Thanks to the ever-delightful Public Domain Review, I've just discovered the 1901 short film The Over-Incubated Baby. In the minute-long movie, filmmaker Walter R. Booth uses the still-natal medium to play around with speculative fiction ideas about posthuman birthing. What happens if we can speed up our baby's development — and what happens when we overshoot that process?
Here's how ScreenOnline.org.uk describes the loose plot of the movie:
One of the most original of the trick films made by W.R. Booth and R.W. Paul in 1901, An Over-Incubated Baby, as its title suggests, is essentially a sick joke in which a man seeking to tamper with nature is faced with the consequences of his hubris (and over-fondness for delegating responsibility to a clearly incompetent assistant) as an innocent child is turned into a little old man. In classic mad-scientist fashion, the professor seems highly amused by the unexpected outcome, an emotion emphatically not shared by the child's distraught mother.

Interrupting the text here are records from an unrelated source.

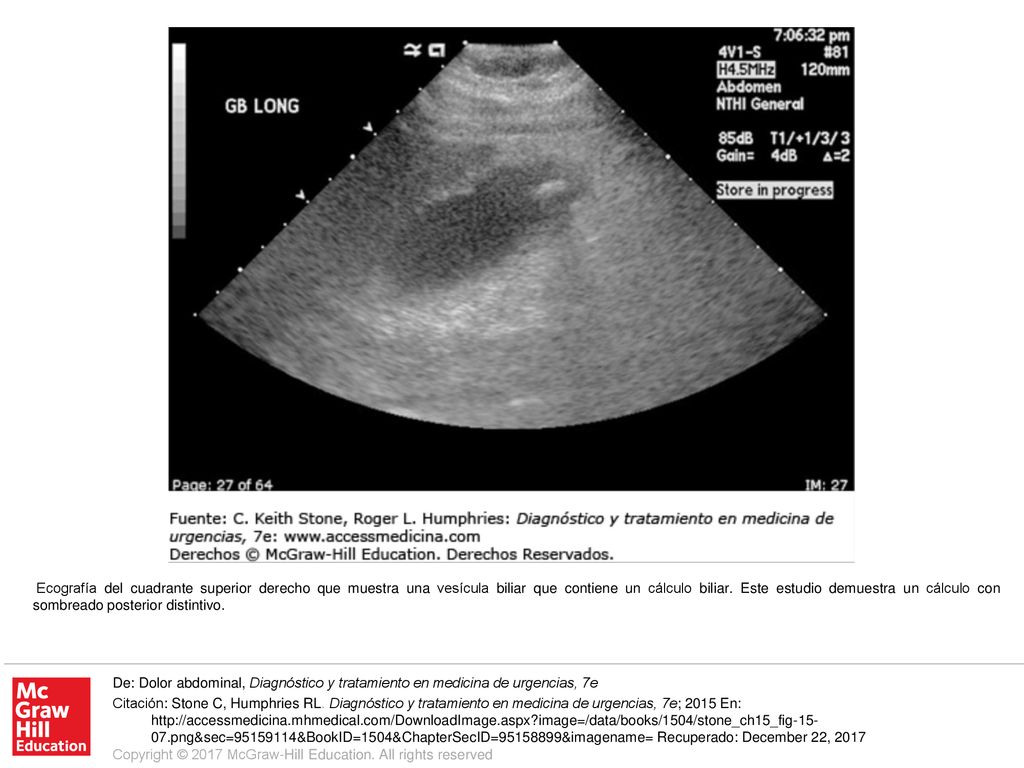 Ecografía del cuadrante superior derecho que muestra una vesícula biliar que contiene un cálculo biliar. Este estudio demuestra un cálculo con sombreado posterior distintivo.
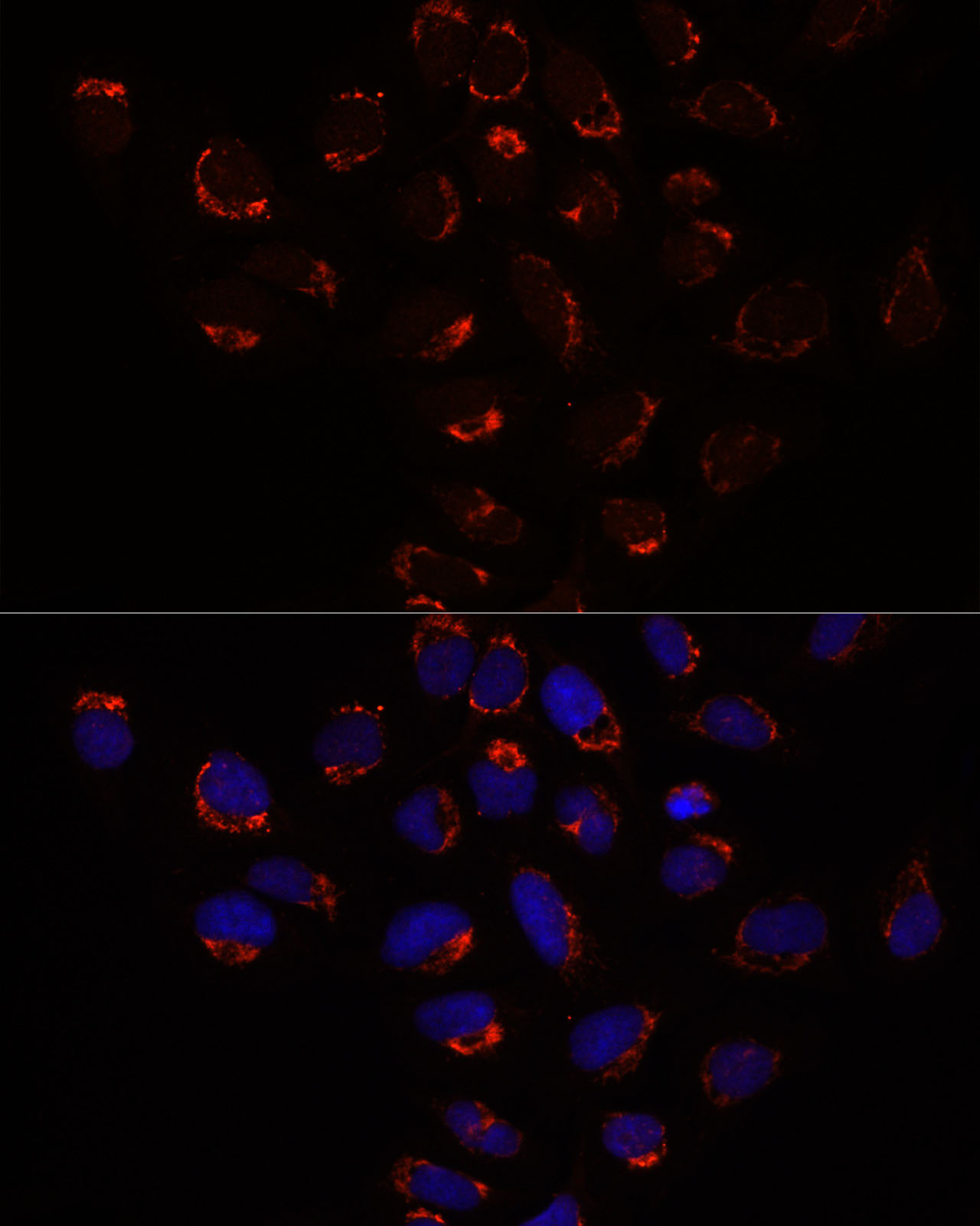 Immunocytochemistry/ Immunofluorescence: SLC25A1 Antibody - BSA Free [NBP2-93363] - Immunofluorescence analysis of U2OS cells using SLC25A1 antibody  at dilution of 1:100. Blue: DAPI for nuclear staining.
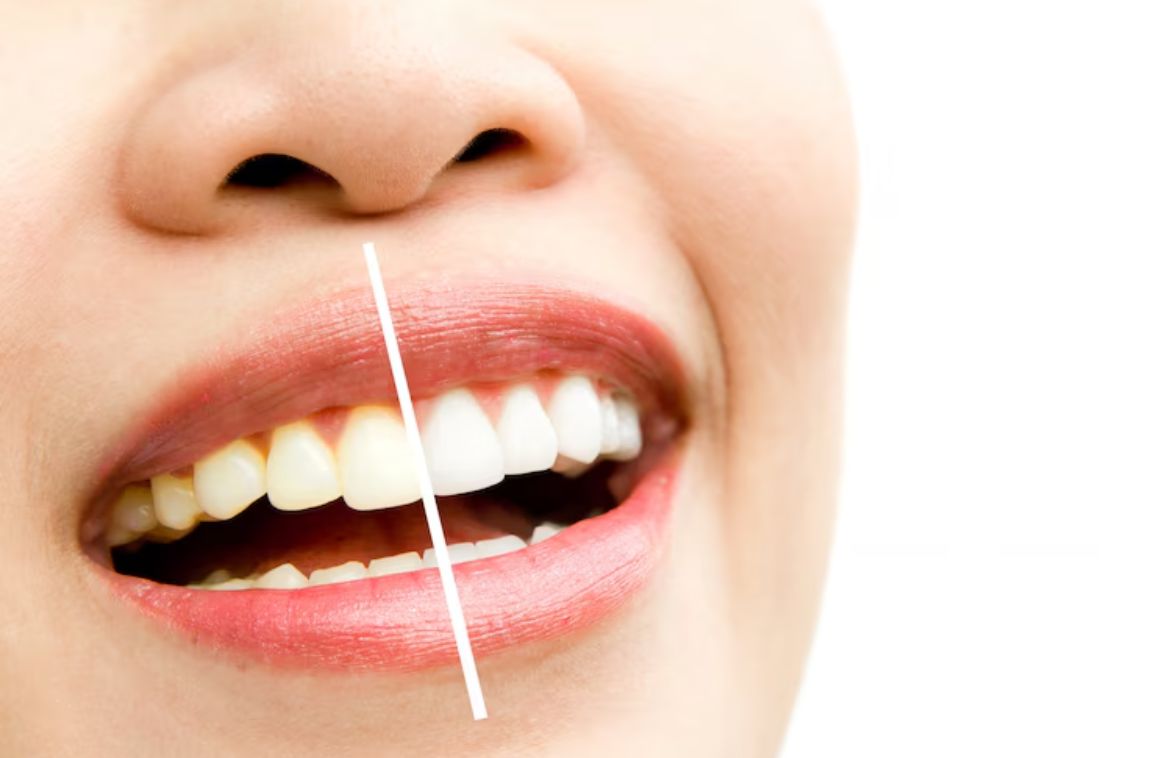 Teeth Whitening Treatments: Choose Option Right for Oneself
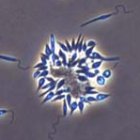 Leishmania donovani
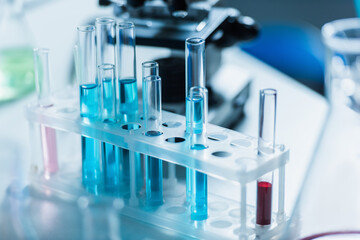 test tubes with liquid in chemical laboratory on blurred background.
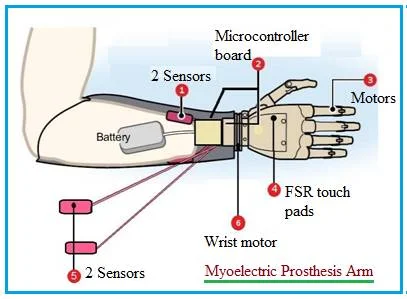 Myoelectric Prosthesis Arm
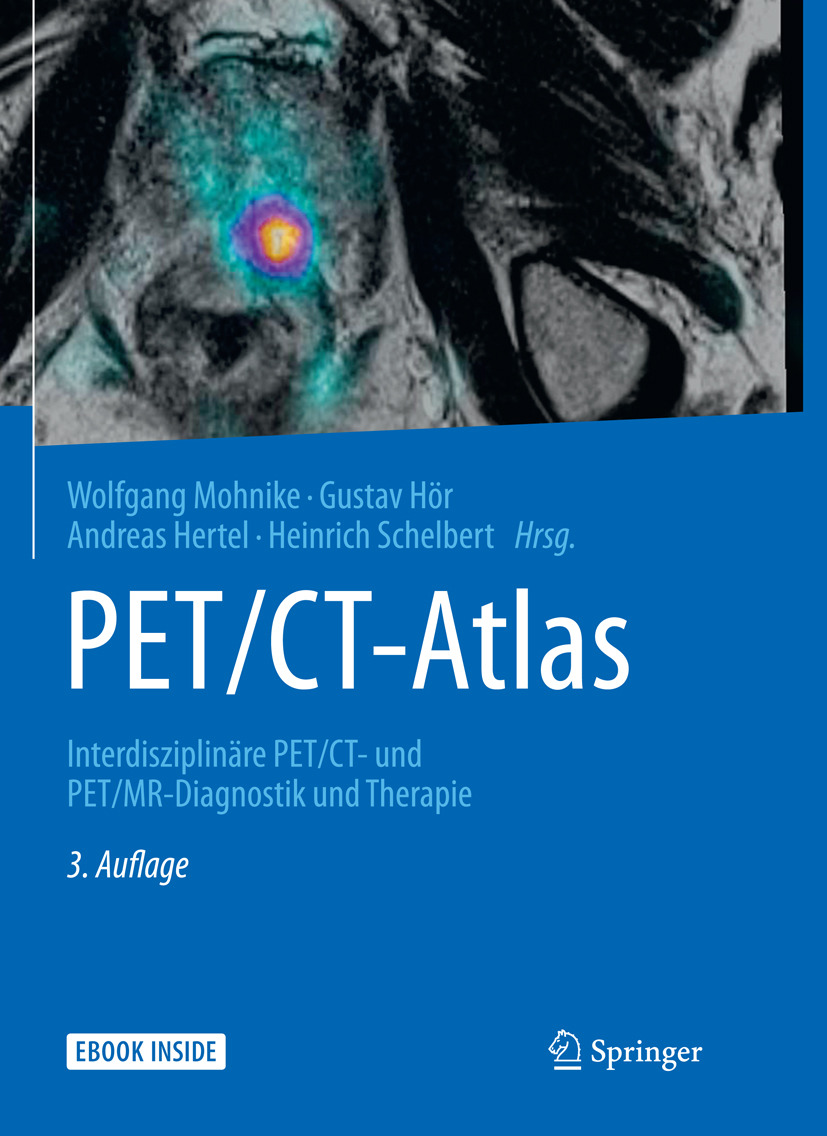 Hertel, Andreas - PET/CT-Atlas, ebook
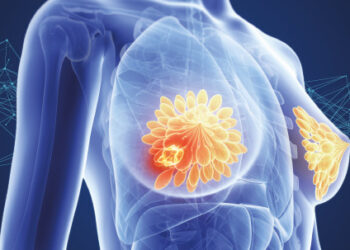 10 Breast Cancer Facts You Should Know About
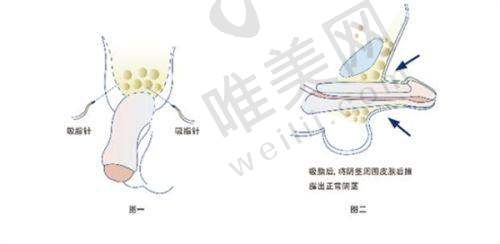 7、上海华美整形医院地址电话营业时间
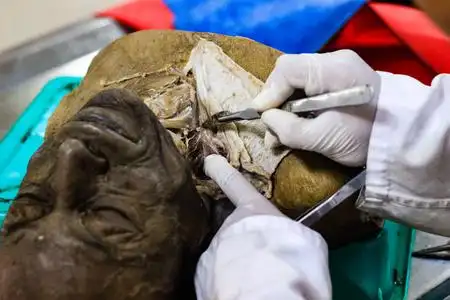 法医学头颈部的法医学解剖解剖照片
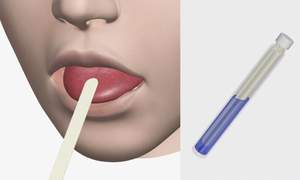 唾液の中のミュータンス菌の検査方法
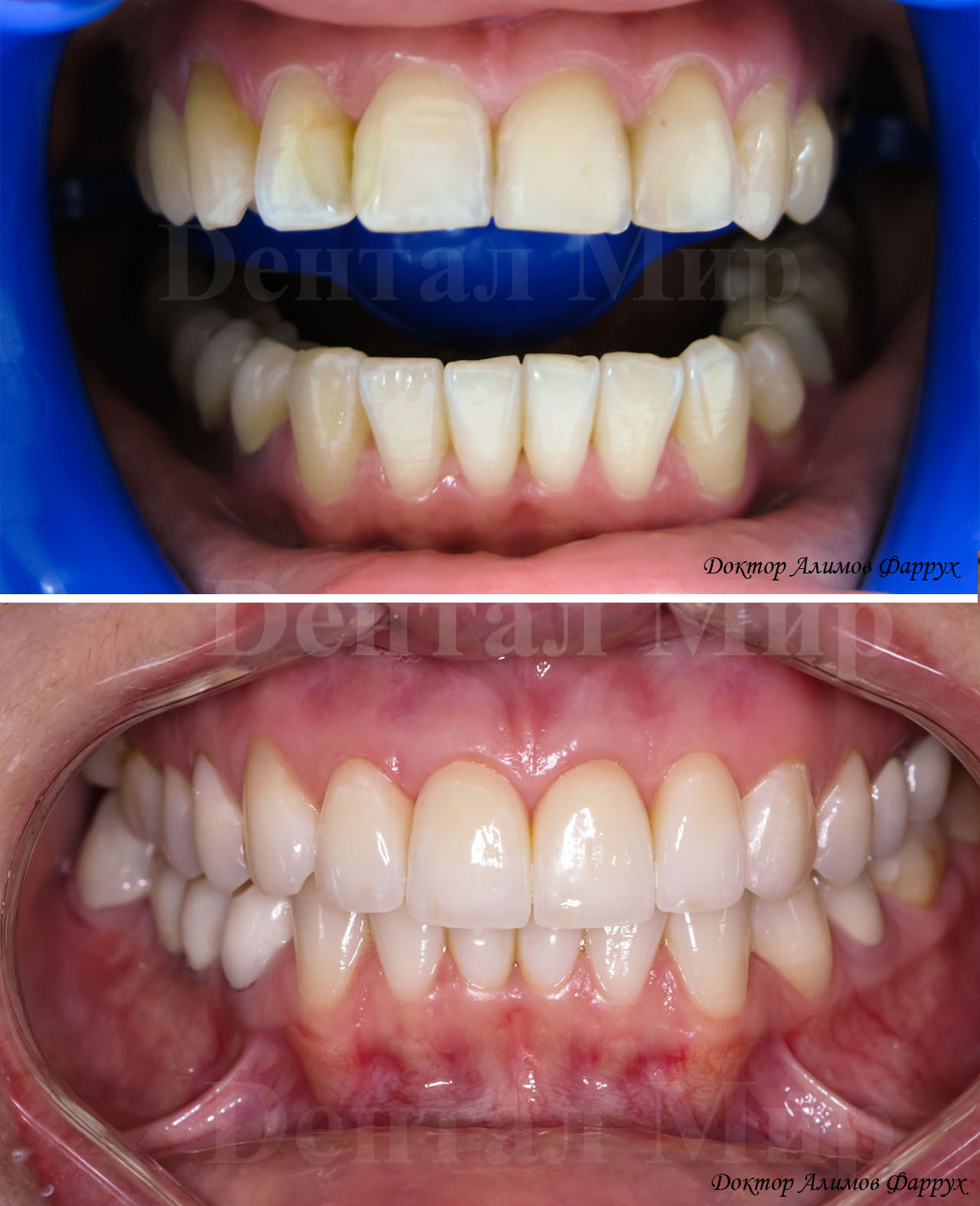 Отбеливание зубов и установка 4 керамических виниров до и после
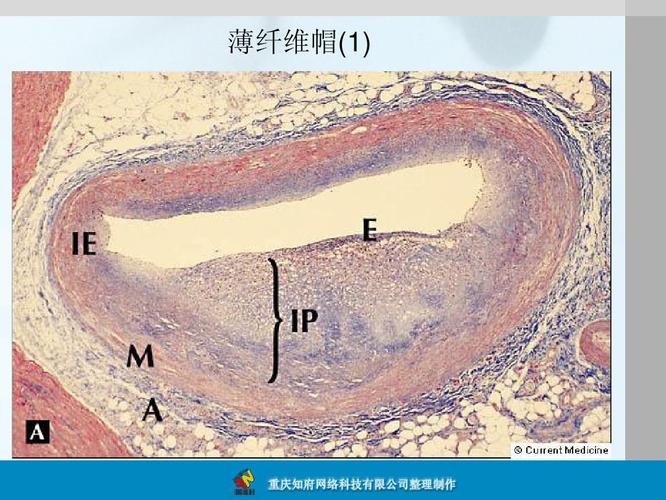 你可能喜欢 心血管系统课件 动脉粥样硬化的治疗 糖尿病诊治 冠状动脉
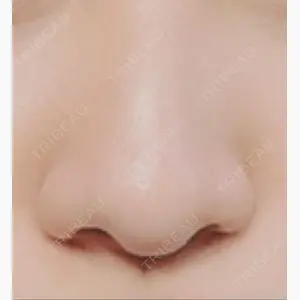 加美（GAMI）整形外科口コミ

In terms of special effects, this is one of the less elaborate films made by Booth and Paul that year (compare and contrast with the far more sophisticated Artistic Creation, The Haunted Curiosity Shop and The Magic Sword), though the concept itself is so imaginative that it arguably didn't need any more than basic jump-cut transformations. The film consists of a single shot, with all the narrative ingredients laid out right from the start thanks to large signs in Professor Bakem's laboratory, and the film's title creating suspense by revealing well in advance that something will go disastrously wrong along the way.